Commissioner Jeff Riley Visits Western Mass

The new Commissioner of Education, Jeff Riley, came to Western Mass to answer questions and outline his future goals.


New commissioner Jeff Riley addresses the crowd at The Delaney House.

On Thursday March 29th, the future Massachusetts School Commissioner, Jeffrey Riley, met with local education leaders at the Western Massachusetts School Committee Forum held at the Delaney House in Holyoke. Riley, the current receiver of Lawrence Public Schools, outlined his priorities going into his new role as commissioner and hosted a question-and-answer session to hear the concerns of Western Mass educators.

Devin Sheehan, Vice-Chair of the Holyoke School Committee and President-Elect of the Massachusetts Association of School Committees, gave a brief introduction prior to Jeffrey Riley taking the stage in one of his first public engagements. Throughout the forum, Riley stressed the importance of communication, empowering educators, and providing the best possible future for Massachusetts students.

“It went great. The fact that we were able to bring the future commissioner out to Holyoke and out to Western Mass, as one of his first public engagements, really says a lot for the work that he wants to do for our region,” Sheehan told The Herald. “I think all of us coming together can really help public education moving forward, for the future of both Holyoke and the Commonwealth.”

Questions raised during the evening ranged from topics concerning vocational schools to the current issue of the foundation budget review. When asked about his ninety day plan, Riley discussed how he will be working hard to hear the opinions of everyone. He wants to get input from not only committees and boards, but teachers, students, and parents as well. He stressed making people a part of the process.

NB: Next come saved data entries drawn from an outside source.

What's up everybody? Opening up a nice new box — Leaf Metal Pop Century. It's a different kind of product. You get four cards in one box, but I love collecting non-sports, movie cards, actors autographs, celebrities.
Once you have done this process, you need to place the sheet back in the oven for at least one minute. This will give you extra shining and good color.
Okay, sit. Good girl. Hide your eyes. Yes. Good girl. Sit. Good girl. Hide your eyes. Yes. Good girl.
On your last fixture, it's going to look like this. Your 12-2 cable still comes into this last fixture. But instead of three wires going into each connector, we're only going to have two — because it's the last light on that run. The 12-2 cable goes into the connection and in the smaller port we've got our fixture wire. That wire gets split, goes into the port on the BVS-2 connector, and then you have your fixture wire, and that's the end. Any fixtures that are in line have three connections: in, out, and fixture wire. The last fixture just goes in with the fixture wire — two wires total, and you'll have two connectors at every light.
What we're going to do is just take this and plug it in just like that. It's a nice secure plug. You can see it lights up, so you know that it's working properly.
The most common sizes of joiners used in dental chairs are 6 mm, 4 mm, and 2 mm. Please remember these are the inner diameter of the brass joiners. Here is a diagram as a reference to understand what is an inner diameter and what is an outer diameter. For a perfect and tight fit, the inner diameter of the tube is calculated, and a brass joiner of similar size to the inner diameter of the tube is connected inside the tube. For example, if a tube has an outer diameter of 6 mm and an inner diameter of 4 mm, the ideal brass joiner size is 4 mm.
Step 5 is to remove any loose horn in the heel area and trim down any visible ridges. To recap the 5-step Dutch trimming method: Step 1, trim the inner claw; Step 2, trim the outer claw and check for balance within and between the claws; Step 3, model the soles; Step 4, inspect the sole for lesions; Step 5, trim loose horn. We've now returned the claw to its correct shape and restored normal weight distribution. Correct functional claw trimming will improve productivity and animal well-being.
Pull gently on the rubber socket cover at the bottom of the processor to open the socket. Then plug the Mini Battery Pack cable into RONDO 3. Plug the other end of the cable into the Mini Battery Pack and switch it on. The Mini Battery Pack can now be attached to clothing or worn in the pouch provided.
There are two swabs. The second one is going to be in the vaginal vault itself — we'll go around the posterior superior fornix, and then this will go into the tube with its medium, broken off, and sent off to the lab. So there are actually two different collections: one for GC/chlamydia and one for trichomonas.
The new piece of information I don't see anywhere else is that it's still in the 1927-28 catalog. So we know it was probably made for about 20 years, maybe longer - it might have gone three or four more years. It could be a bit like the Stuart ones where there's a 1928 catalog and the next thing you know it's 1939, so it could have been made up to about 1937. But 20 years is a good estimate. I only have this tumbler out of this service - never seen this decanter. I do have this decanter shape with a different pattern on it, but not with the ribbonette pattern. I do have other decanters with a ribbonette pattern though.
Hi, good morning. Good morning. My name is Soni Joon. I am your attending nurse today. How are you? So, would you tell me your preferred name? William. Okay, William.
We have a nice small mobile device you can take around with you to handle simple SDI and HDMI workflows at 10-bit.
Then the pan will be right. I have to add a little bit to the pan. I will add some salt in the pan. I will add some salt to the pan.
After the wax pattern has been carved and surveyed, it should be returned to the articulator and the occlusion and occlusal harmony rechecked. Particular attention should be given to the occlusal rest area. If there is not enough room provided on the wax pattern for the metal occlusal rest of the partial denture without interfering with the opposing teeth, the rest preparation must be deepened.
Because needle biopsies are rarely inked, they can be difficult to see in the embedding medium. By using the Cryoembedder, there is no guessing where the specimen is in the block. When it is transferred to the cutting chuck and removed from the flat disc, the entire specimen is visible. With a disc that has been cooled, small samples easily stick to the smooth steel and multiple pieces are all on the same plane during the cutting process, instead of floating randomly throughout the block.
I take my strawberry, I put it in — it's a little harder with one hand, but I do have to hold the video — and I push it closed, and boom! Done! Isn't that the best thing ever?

On the topic of the foundation budget review, Riley spoke of how the current formula is not working for everyone and that he does not at the moment see the state revenue there to be able to fix this problem. He said we therefore need to ask, “What can we do to do better?”

Another hot topic of the evening was how to promote non-MCAS subjects. Many subjects, such as history, are being pushed to the side and not receiving the same attention as subjects that have MCAS testing, such as math and English. Riley said “we need to treat all of our subjects equally” and that he is open to offering a History MCAS. He does, however, worry about the amount of time that students spend testing instead of learning. He also said that he feels that we need to support world languages because “every student deserves a well-rounded education.” He hopes that all students will one day be able to speak multiple languages.

When asked about his opinions on charter schools, Riley discussed how the main concern for parents is that their children are provided with a strong education, whether that be in a public school or charter school. He discussed how he asked both charters and unions to run schools in Lawrence and spoke of how he made charters a part of the district. Riley stressed the need to get extremists on both sides to come together.

Devin Sheehan, of the Hoyoke School Committee, hosted the event.

There are many students today who shy away from community colleges and instead attend costly schools that put them into heavy debt. On this issue, Riley said he believes that “the stigma about community colleges is coming to an end.” He spoke of how it’s important that we do a better job explaining the opportunities and financial advantages that community colleges offer because students who get their associates with a 3.0 GPA can easily attend schools such as UMass for exceptionally low rates.

On the topic of career and technical education, Riley spoke of how we need to let students pursue their desired education, but he said that “this can often be difficult because you end up asking eighth graders to decide their future.” He said that “vocational education is a critical skill” and that “we need to increase footprint space.”

“I think it was great to come out to the western part of the state as one of my first events,” future commissioner Jeffrey Riley told The Herald. “It’s really important that we talk to all of the folks that are involved in education. We had school committee members here today, we had superintendents here today, we had students here today and part of my job is to get out and listen to everyone as we plan for what’s next.”